Rolex opposed “MARINER” on the basis of its similarity to, and a likelihood of confusion with Rolex’s earlier “SUBMARINER” trade mark. Rolex also argued that its “SUBMARINER” trade mark was well-known in Singapore, and well-known to the public at large in Singapore. Rolex also argued that it had goodwill in the “SUBMARINER” mark in Singapore and that the registration was liable to be prevented under the tort of passing off.
The Registrar’s decision
The IP Adjudicator found that:
- Visually, the marks were single words of relatively similar lengths, and the entirety of “MARINER” was encompassed in “SUBMARINER”.
- Aurally, the marks shared three syllables, with the only difference being the single syllable “SUB”.
- Conceptually, the marks were similar as they conveyed ideas of the sea and a sailor. Franck Muller argued that “SUBMARINER” evoked the image of a submarine or a submarine crew (submerged under water), whilst “MARINER” evoked the notion of sailors (on the surface) – but the IP Adjudicator rejected this argument as this approach drew too fine a line, and noted from dictionary definitions that a “submariner” and “mariner” are both types of “sailors”.
- The goods were similar following admission by Franck Muller.

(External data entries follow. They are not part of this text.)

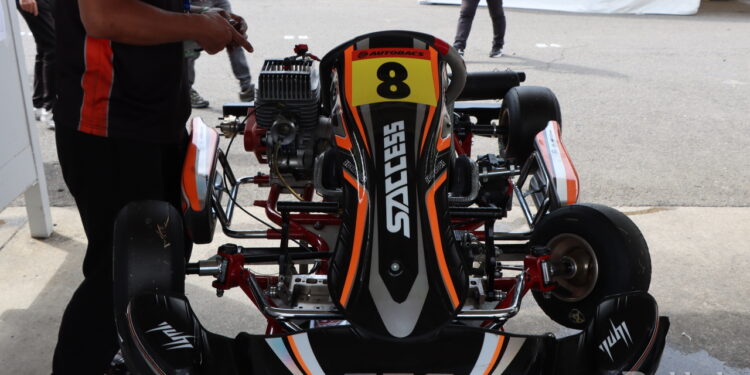 森谷永翔のGPR Cadets Rd.1&2優勝マシン / ERS with SACCESS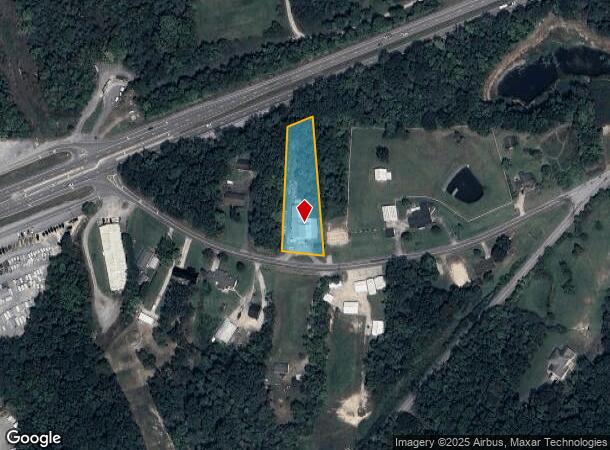  357 Bud Kanoy Rd, Thomasville, NC Parcel Map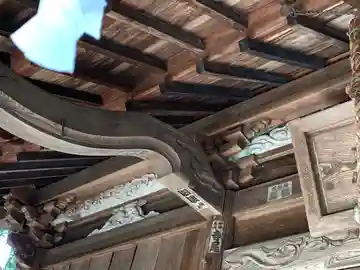 礒部神社の本殿・本堂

- Following a previous decision of the Singapore Court of Appeal finding that “a watch is…commonly available and purchased by the general public“, the IP Adjudicator held that the goods were not confined to luxury watches which only attracted the more attentive or fastidious consumer. While the average consumer would exercise some care and good sense in making their purchase, they would not have specialist knowledge or be that heavily invested in the purchase.
As a result, the IP Adjudicator found a likelihood of confusion and, in doing so, also reaffirmed the existing law in Singapore that similarity in relation to some of the specification is enough to result in the entire application being disallowed.
Well-known Status of “SUBMARINER”
The IP Adjudicator held that Rolex failed to clock up the requisite evidence to establish that its “SUBMARINER” mark was well-known in Singapore. Although not a strict legal requirement, one important factor weighing against Rolex’s evidence was that every piece of evidence featured the “ROLEX” mark prominently alongside the “SUBMARINER” mark, thus making it difficult to conclude that the “SUBMARINER” mark alone was well-known.
In addition, no sales or advertising figures were adduced. If confidentiality was the concern, Rolex could have applied for a confidentiality club, or could have submitted redacted figures, or figures with ranges. These are important evidentiary points for brand owners to bear in mind in opposition proceedings.
Although the evidence was insufficient to establish the well-known status of the “SUBMARINER” mark, the IP Adjudicator agreed that Rolex undoubtedly had goodwill in its business in Singapore, particularly in relation to its established network of retailers throughout Singapore. Following the likelihood of confusion analysis, the IP Adjudicator held that the elements of passing off were made out.
This finding suggests that although the evidence of the combined use of “SUBMARINER” with “ROLEX” was not good enough to establish fame in “SUBMARINER” per se, the evidence was nevertheless sufficient to establish that “SUBMARINER” can be a distinctive identifier on its own such that Franck Muller’s use of “MARINER” would constitute an actionable misrepresentation under the tort of passing off.